El paseo habitual es una aventura, un juego de la oca de casa al parque y del parque a casa, con obstáculos de toda suerte que tendrán que salvar para llegar enteros a la soledad del punto de partida pasando por un café, por un banco al sol si hace buen tiempo: un lugar tibio donde esperar solos o junto a otros solos a que discurran las horas sin hacerles daño, mirándolo todo con la mirada quieta que casi no ve, entendiendo poco y a veces nada, recordando una mujer, un marido, unos hijos que no están o no atienden lo bastante, mientras el mundo, incomprensiblemente, sigue girando sin contar con ellos, sin aguardar su concurso más que en las partidas de dominó.

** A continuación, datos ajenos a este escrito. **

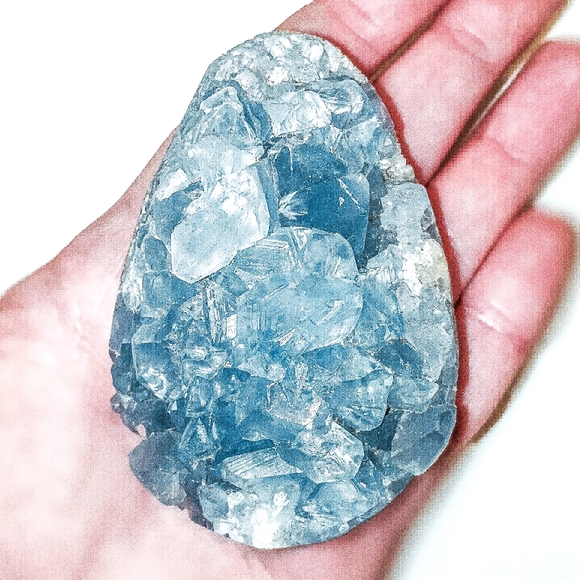 Natural Celestite Geode Egg 332.4g - Picture 2 of 8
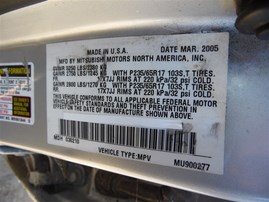 2005 MITSUBISHI ENDEAVOR LS SILVER 3.8 AT 4WD 203971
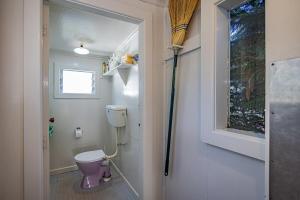 a bathroom with a pink toilet and a window at Ohakune's Yellow Door in Ohakune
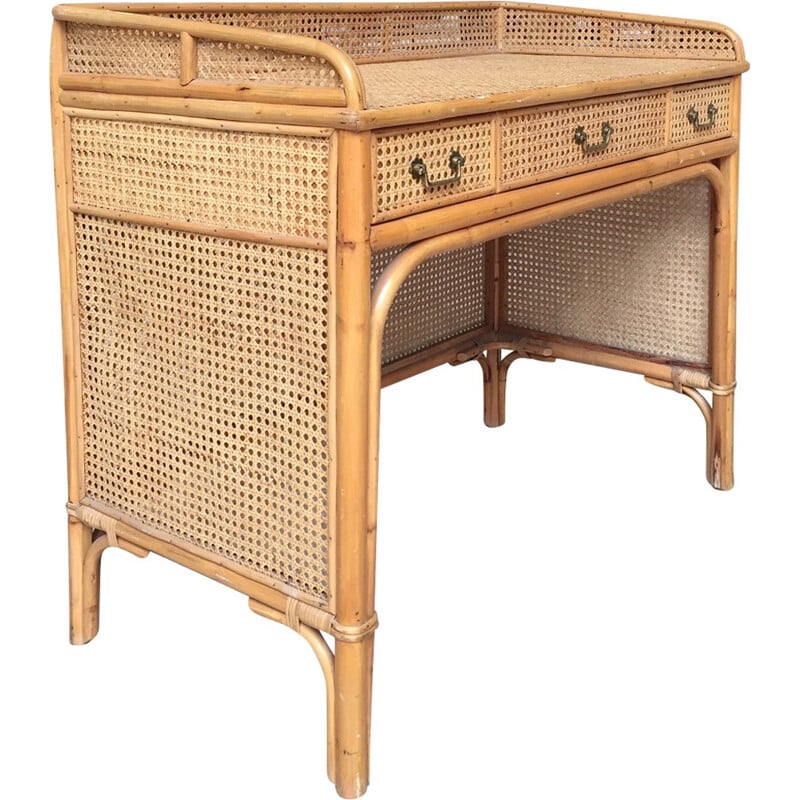 Vintage rattan desk - 1960s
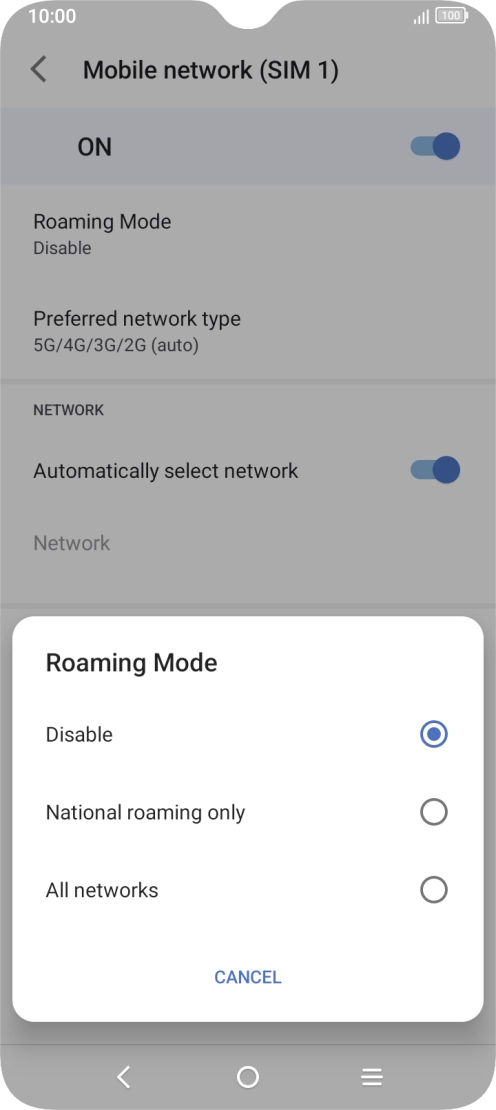 Press the required setting to turn the function on or off.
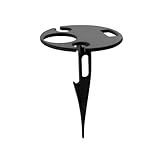 Outdoor Portable Folding Wine Table, Beach Sand Ground-Insert Cup Holder Stand, Garden Wine Glass Table for Camping BBQ, Wood Wine Rack, 1 or 2 Tier (Single Layer (Black))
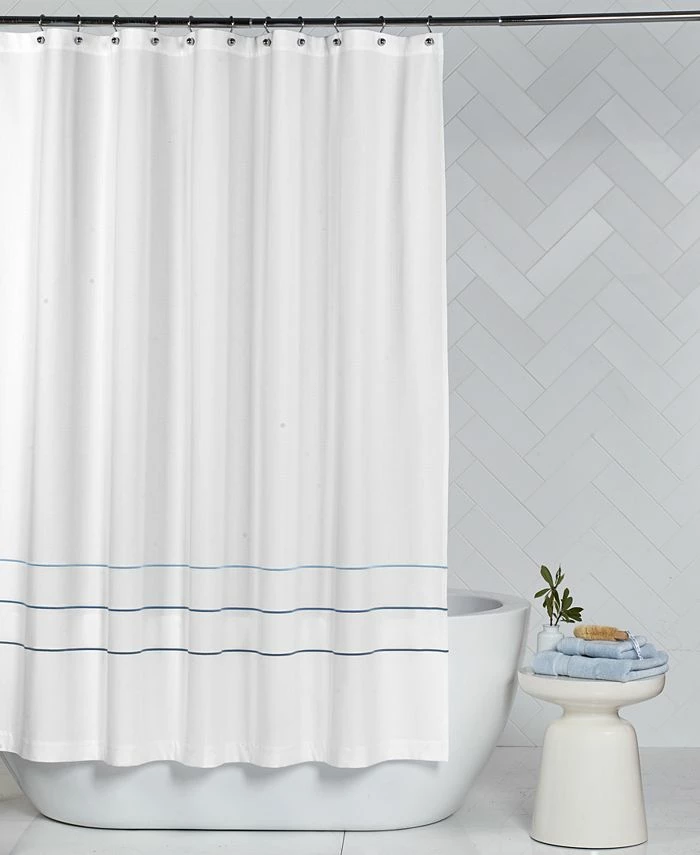 Hotel Collection Borderline Shower Curtain, Created For Macy's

Encontré a uno en el notario. Hablaba con serenidad indecible, como si tratara directamente con el destino. Decía: “Entonces el piso que puse a su nombre es ahora suyo, aunque lo haya pagado yo”. El notario le decía que sí. “Y entonces mi hija puede echarme”. El notario le dijo la verdad con mucho de acostumbramiento y algo de pena. Pero el anciano no se entristecía, sólo se hacía cargo, como si hubiera preguntado cuánto valía ahora un dólar o algo así.

De pronto se te desploman al lado como abatidos por un francotirador: hoy me ha pasado en Misa. Unos miran desconcertados desde el suelo, otros tienen más costumbre, y casi se ríen porque caen a menudo. Los hay que nunca se levantan, porque han roto la cadera y empiezan un último suplicio.

No faltan los que presumen de su autonomía y van de aquí para allá en coche y dicen que quieren vivir solos. Pero se asustan rápido, como aquel matrimonio portugués con el que me crucé en una gasolinera colapsada. Él se enfadó mucho, sin saber hacerlo, temblando, quizá por falta de costumbre o de energía. Ella le acariciaba para tranquilizarlo, como se hace con los niños, al tiempo que le decía a la chica de la caja: “¿No ve que se hace tarde y a nuestra edad –se señalaba el pelo blanco– ya no podemos conducir de noche?”

Casi todos intentan no estorbar nuestras prisas, muy pocos se atreven a exigir el respeto, la gratitud y el afecto que les debemos, como si a nosotros no se nos fuera a echar la noche encima.